Buy Recycled, Every Year

Buy Recycled, Every Year

Multi-year purchasing, plus convenient collection and better design, turns good pilots into national systems.

As I step into the role of CEO at The Packaging Forum, our focus stays the same: scale circular systems that work, fund them fairly, and keep outcomes transparent.

In my first weeks I've been meeting with retailers, brands, councils and recyclers to understand the challenges they face.

Three things stand out: people want practical collection and recycling solutions now; convenient access turns intent into action; and local reprocessing grows when buyers commit to purchase recycled end products every year so processors can invest with confidence.

Packaging's first job is to protect products through the supply chain, keep food safe and fresh, and prevent waste. What happens next is where New Zealand still has work to do. Collection is only half the job. If no one buys what our recyclers make, there's no demand for good-quality material and circular systems stall.

A clear way for organisations and for all of us to close the loop is simple: buy recycled where we can. That means retailers and brands commit up front to buying recycled products each year so processors can plan, hire, and invest for the long term, turning good pilots into national systems.

Having worked on packaging systems globally, I've seen what separates programs that work from those that don't: committed buyers. In parts of Southeast Asia without formal collection systems, only high-value items like metal cans and PET bottles get recovered because they have resale value. New Zealand starts from a stronger base with kerbside and drop-off infrastructure. Now we need the purchasing commitments to match.

For retailers and brands, three practical actions now: Specify recycled products in store builds and refits, distribution centres and back-of-house—think posts, rails and bollards; interior panels and fixtures such as those from  Future Post and saveBOARD. Make it a multi-year promise by putting minimum yearly volumes into procurement and supplier contracts so recyclers have certainty to grow. And publish what you buy—share the numbers so people can see returns turning into useful products in their own communities.

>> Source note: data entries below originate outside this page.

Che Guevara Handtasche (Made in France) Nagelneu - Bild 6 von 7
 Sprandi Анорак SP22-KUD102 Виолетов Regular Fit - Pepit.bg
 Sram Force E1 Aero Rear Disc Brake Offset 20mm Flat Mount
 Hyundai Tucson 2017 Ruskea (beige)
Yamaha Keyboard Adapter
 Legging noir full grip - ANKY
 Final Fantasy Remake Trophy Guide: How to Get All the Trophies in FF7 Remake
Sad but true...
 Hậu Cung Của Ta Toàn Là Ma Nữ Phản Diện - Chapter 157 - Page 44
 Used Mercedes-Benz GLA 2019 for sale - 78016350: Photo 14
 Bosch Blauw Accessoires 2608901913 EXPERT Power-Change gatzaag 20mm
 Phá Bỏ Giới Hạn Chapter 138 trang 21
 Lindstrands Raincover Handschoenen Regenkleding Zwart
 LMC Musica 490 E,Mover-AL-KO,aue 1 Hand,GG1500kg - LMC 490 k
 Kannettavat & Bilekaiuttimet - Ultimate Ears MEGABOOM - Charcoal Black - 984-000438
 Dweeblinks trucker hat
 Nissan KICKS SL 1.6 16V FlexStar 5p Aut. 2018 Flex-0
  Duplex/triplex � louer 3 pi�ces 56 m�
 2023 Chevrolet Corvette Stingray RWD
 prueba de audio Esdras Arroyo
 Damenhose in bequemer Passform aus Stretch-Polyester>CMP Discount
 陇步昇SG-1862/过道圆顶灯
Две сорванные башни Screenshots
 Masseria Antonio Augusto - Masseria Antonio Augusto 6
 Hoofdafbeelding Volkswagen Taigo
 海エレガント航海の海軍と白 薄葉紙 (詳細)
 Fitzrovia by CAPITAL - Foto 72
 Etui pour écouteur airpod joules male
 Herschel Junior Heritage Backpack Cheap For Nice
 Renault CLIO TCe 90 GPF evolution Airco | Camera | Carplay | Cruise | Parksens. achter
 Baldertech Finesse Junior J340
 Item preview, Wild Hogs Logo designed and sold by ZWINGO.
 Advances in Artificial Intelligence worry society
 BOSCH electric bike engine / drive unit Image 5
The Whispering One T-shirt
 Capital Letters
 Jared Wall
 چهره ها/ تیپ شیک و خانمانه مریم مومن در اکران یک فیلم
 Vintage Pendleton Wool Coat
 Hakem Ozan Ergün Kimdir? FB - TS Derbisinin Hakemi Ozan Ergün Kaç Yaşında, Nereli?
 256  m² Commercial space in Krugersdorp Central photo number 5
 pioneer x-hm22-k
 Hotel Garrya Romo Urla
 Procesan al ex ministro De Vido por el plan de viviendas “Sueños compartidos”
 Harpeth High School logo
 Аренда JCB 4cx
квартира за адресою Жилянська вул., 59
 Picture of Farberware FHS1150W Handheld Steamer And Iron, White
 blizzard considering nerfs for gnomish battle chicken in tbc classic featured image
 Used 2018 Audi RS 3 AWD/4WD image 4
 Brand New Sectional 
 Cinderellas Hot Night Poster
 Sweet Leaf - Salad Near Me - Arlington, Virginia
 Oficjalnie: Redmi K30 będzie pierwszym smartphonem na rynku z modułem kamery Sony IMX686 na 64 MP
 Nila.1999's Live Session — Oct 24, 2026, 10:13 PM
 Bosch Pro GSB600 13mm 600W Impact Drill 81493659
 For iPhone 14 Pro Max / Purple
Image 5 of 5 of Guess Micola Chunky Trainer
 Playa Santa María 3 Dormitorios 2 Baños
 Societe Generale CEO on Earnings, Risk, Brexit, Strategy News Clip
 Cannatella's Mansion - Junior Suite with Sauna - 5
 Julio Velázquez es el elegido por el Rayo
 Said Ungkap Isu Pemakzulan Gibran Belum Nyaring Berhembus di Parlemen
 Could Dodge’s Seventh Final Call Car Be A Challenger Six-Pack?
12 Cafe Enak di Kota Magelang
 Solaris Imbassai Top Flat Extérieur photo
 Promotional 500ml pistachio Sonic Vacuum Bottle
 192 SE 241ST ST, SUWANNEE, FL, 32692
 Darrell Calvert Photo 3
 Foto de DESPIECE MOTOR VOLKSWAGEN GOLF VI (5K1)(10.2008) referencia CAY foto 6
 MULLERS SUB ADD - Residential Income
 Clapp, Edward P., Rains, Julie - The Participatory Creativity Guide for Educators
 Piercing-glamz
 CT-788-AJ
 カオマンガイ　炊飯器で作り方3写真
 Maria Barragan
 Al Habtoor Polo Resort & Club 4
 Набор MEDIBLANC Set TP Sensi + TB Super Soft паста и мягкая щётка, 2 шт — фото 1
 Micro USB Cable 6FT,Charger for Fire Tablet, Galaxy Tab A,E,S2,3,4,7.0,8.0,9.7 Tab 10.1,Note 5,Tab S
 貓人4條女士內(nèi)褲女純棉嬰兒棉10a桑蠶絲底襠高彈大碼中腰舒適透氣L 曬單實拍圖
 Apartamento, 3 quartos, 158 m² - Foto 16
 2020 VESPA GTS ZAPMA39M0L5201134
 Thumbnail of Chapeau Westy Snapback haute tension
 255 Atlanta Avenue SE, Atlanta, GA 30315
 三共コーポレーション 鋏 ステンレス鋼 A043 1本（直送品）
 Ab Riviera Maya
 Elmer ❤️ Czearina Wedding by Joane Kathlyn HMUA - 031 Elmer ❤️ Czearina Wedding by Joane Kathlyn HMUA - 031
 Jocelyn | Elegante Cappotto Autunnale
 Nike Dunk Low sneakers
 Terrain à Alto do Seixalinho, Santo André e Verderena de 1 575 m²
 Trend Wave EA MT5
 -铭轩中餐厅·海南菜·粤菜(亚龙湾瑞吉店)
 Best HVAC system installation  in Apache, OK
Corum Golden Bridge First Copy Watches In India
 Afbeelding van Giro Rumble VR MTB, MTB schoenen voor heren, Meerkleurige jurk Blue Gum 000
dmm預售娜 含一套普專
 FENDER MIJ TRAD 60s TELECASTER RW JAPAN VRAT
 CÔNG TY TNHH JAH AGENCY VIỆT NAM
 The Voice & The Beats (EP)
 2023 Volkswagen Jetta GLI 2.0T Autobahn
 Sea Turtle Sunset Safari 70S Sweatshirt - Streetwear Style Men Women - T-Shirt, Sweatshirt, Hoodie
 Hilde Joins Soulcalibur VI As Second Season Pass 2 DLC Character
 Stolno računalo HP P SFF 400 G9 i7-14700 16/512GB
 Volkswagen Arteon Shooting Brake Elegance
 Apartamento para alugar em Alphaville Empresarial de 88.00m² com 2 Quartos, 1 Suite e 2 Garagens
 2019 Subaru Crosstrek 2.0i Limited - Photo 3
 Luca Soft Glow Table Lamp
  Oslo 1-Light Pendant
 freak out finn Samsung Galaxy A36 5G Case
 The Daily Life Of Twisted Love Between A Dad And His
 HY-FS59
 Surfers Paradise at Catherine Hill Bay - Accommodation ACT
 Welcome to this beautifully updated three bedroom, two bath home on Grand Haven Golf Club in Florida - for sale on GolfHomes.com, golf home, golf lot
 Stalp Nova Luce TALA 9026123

Spreading purchases across retail, logistics and council projects smooths demand and creates room to add collection points and divert more packaging from landfill. Households and public spaces are where people decide whether an empty pack is a resource or rubbish.

Convenient access is what turns intent into action: kerbside is the most convenient option with the correct investment by those who benefit from it. Targeted collection points for materials that aren't kerbside yet also support.

What works consistently across take back collection sites—whether at supermarkets, retailers, or community hubs—is visible bins, plain-English signs, and regular servicing. Make it easy and people participate. Using standardised signage and keeping bins clean lifts participation and keeps logistics efficient. We’re also pushing hard for a single, national recycling label, so New Zealanders know exactly what to do with every pack.

For producers and brands, the design lever matters. Design to be recycle-ready: fewer materials, easy-to-sort formats, avoid disruptive inks, labels and closures, follow standardised recycling guidance, and optimise pack size and weight. Use recycled content where it's safe, fit-for-purpose and commercially viable.

Share simple SKU data—weights and materials—so measurement and traceability improve. Trial reuse and refill where it makes commercial sense, as it prevents waste and complements recycling. And explain choices to customers so better habits stick.

We're working constructively with government on settings that could enable producer stewardship across all packaging—with reuse and refill recognised within the same framework—so pilots become durable national systems.

The aim is system stewardship: reward better design, cleaner flows and strong local end markets, rather than shifting problems between materials. Extended Producer Responsibility, or EPR, means producers help pay for and improve recycling based on how their packaging performs. 

The Packaging Forum with the NZ Food & Grocery Council has also submitted recommendations on the design of a mandatory Plastic Packaging Product Stewardship Scheme to the Ministry for the Environment.

This report outlines a producer-led system to manage and reduce the environmental impact of plastic packaging. More than just plastic packaging, we would like to see an EPR system for all packaging materials introduced here that would adequately fund the net costs of collection, sorting, and reprocessing of materials

We're advocating for options that ensure if EPR is implemented in New Zealand, it's shaped in the most effective way. The Packaging Forum's voluntary product stewardship schemes are proven building blocks for this transition. 

New Zealand has made progress: kerbside is becoming more consistent, onshore processing capacity is growing, and voluntary stewardship continues to show what's possible, but we need a system change through EPR to bring ourselves up to global best practice and for our exporters to meet the targets set out in the EU’s Packaging and Packaging Waste Regulation (PPWR). 

The next step is locking in reliable offtake (purchasing of recycled output products) so processors can plan, hire and invest for the long term.

If you're a retailer or brand, here's my ask on behalf of The Packaging Forum and our members: Commit to buying recycled where you can. Join the schemes. Share your data. Help us test practical solutions—so what New Zealanders return through kerbside and collection points becomes the posts, panels and fixtures that keep our circular systems moving.